I watched with relief and gratitude the momentary eclipse, for in the
half-light I was aware of that sharp and tender mood which was
preparatory to the thrill. Slowly sailing into view again from behind
that gracious veil of cloud--

"The moon put forth a little diamond peak, No bigger than an
unobserved star, Or tiny point of fairy scimitar; Bright signal that
she only stooped to tie Her silver sandals, ere deliciously She bowed
into the heavens her timid head."

And then it came. The Thrill stole forth and touched me, passing like
a meteor through my heart, but in that lightning passage, cleaving it
open to some wisdom that seemed most near to love. For power flowed
in along the path that Beauty cleft for it, and with the beauty came
that intuitive guidance I had waited for.

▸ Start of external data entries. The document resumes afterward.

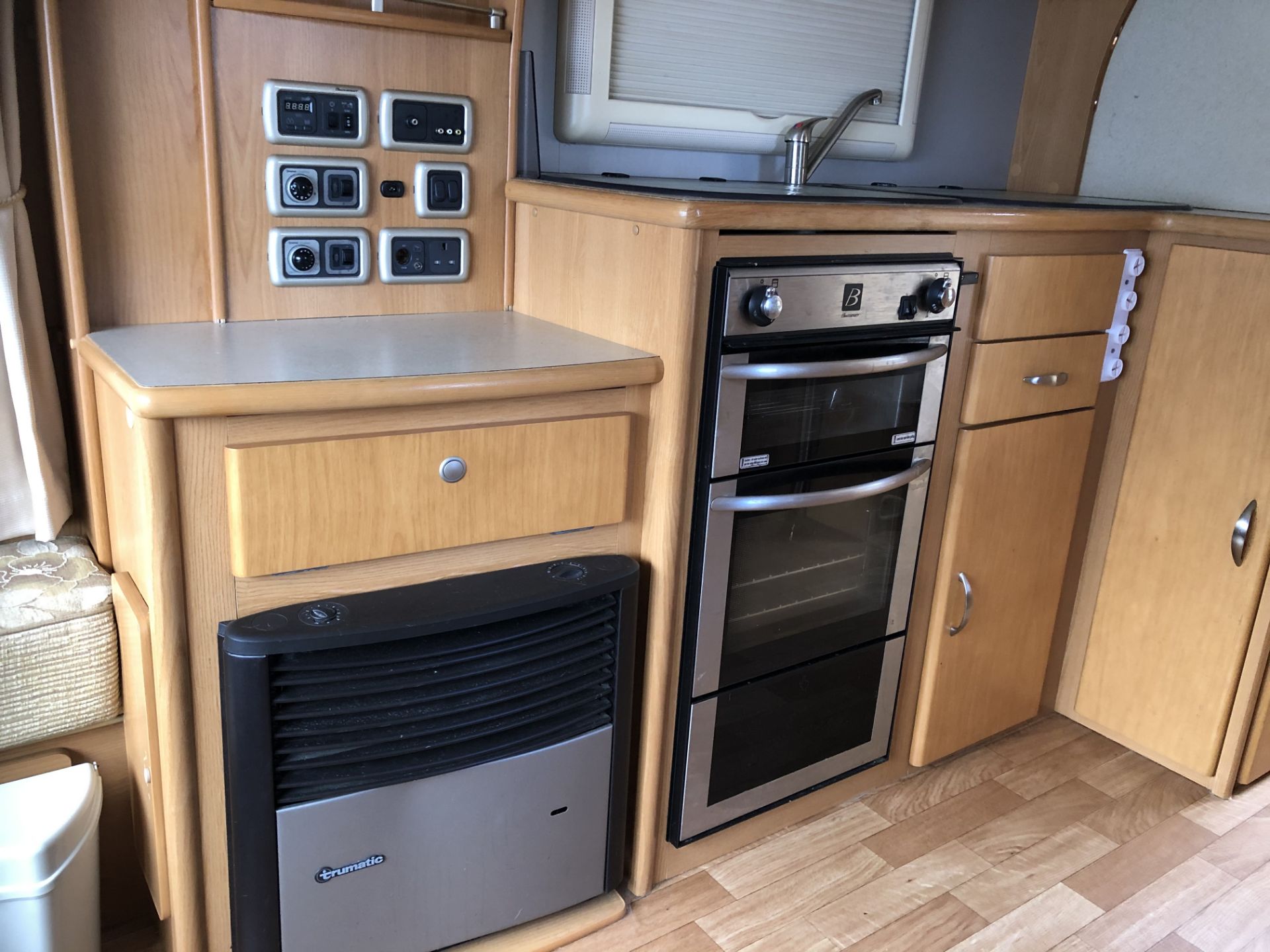 LUXURY 2009 BUCCANEER CLIPPER TWIN AXLE 4 BERTH CARAVAN WITH END WASHROOM *NO VAT* - Image 11 of 20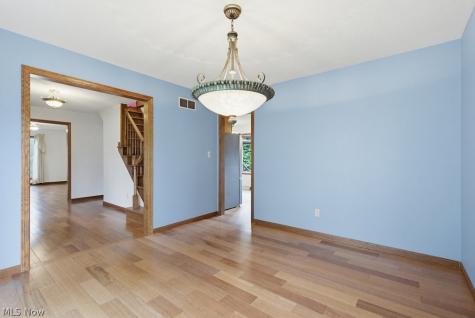951 S Azalea Boulevard Barberton OH 44203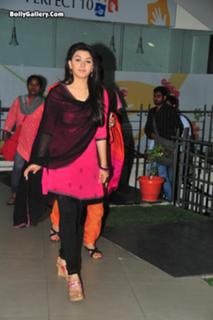 Hansika Motwani feet photo thumbnail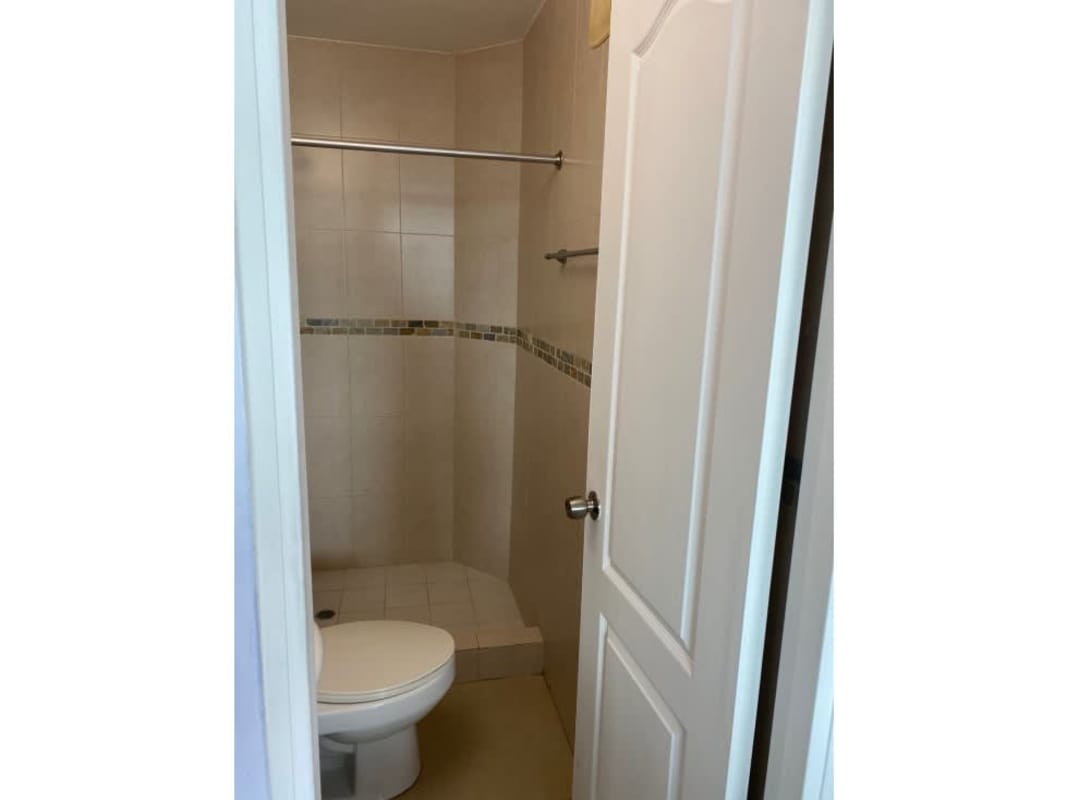 Second bedroom built-in wardrobe AC PH Green Point Carrasquilla Panama City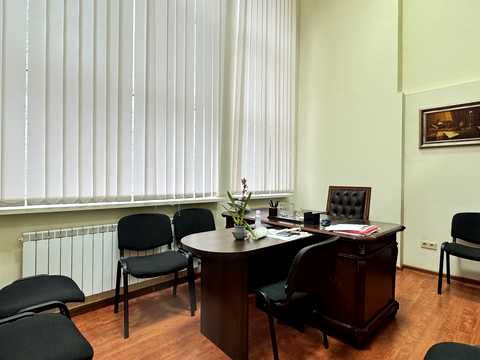 комерційна за адресою Кадетський Гай вул., 6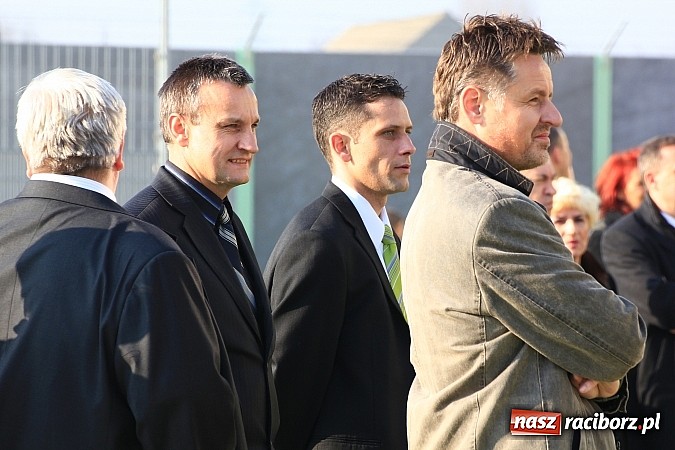 Zdjęcie w galerii na portalu naszraciborz.pl: Raciborski poprawczak najnowocześniejszy w całej Polsce. Dziś przecięto wstęgę wiadomości z regionu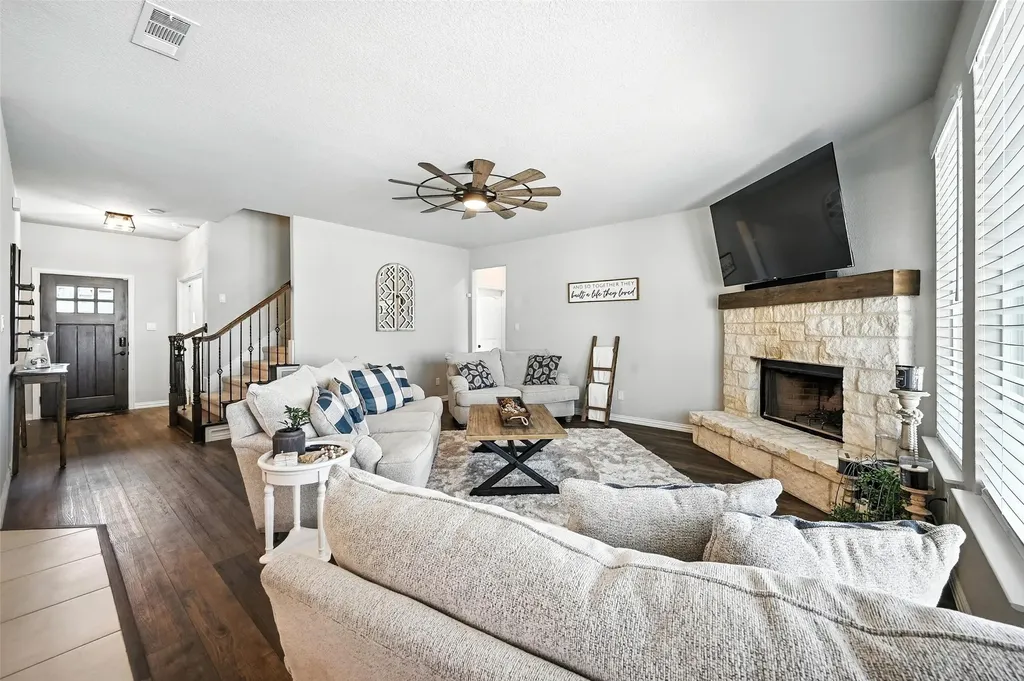 136 Meadow Vista Drive Rhome TX 76078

The inspiration operated like a flash. There was no reasoning; I was
aware immediately that another and a better way of dealing with the
situation was given me.

I need not weary you with details. It seemed contrary to precedent,
advice, against experience too, yet it was the right, the only way.
It threatened, I admit, to destroy the prestige so long and
laboriously established, since it seemed a dangerous yielding to the
natives that must menace the white life everywhere and render trade in
the Colony unsafe. Yet I did not hesitate. . . . There was bustle at
once within that Bungalow; the orders went forth; I saw the way and
chose it--to the dismay, outspoken, of every white man whose welfare
lay in my official hands.

And the results, I may tell you now without pride, since, as we both
admit, no credit attaches to myself--the results astonished the
entire Colony. . . . The Chiefs came to me, in due course, bringing
fruit and flowers and presents enough to bury all Headquarters, and
with a reverential obedience that proved the rising scotched to
death--because its subtle psychological causes had been marvellously
understood.

Full comprehension, as I mentioned earlier in this narrative, we
cannot expect to have. Its origin, I may believe, lies hid in the
nature of that Beauty which is truth and love--in the source of our
very life, perhaps, which lies hid again with beauty very far
away. . . . But I may say this much at least: that it seemed, my inspired
action had co-operated with the instinctive beliefs of these
mysterious tribes--cooperated with their primitive and ancient sense
of Beauty. It had, inexplicably to myself, fulfilled their sense of
right, which my subordinates would have outraged. I had acted with,
instead of against, them.

More I cannot tell you. You have the "crude instance," and you have
the method. The instances multiplied, the method became habit. There
grew in me this personal attitude towards an impersonal power I
hardly understood, and this attitude included an emotion--love. With
faith and love I consequently obeyed it. I loved the source of my
guidance and assistance, though I dared attach no name to it. Simple
enough the matter might have been, could I have referred its origin
to some name--to our mother or to you, to my Chief in London, to an
impersonal Foreign Office that has since honoured me with money and a
complicated address upon my envelopes, or even, by a stretch of
imagination, to that semi-abstract portion of my being some men call
a Higher Self.

To none of these, however, could I honestly or dishonestly ascribe it.
Yet, as in the case of those congratulatory telegrams from our mother
and yourself, I was aware--and this feeling never failed with each
separate occurrence--aware that somebody, other than ourselves
individually or collectively--was pleased.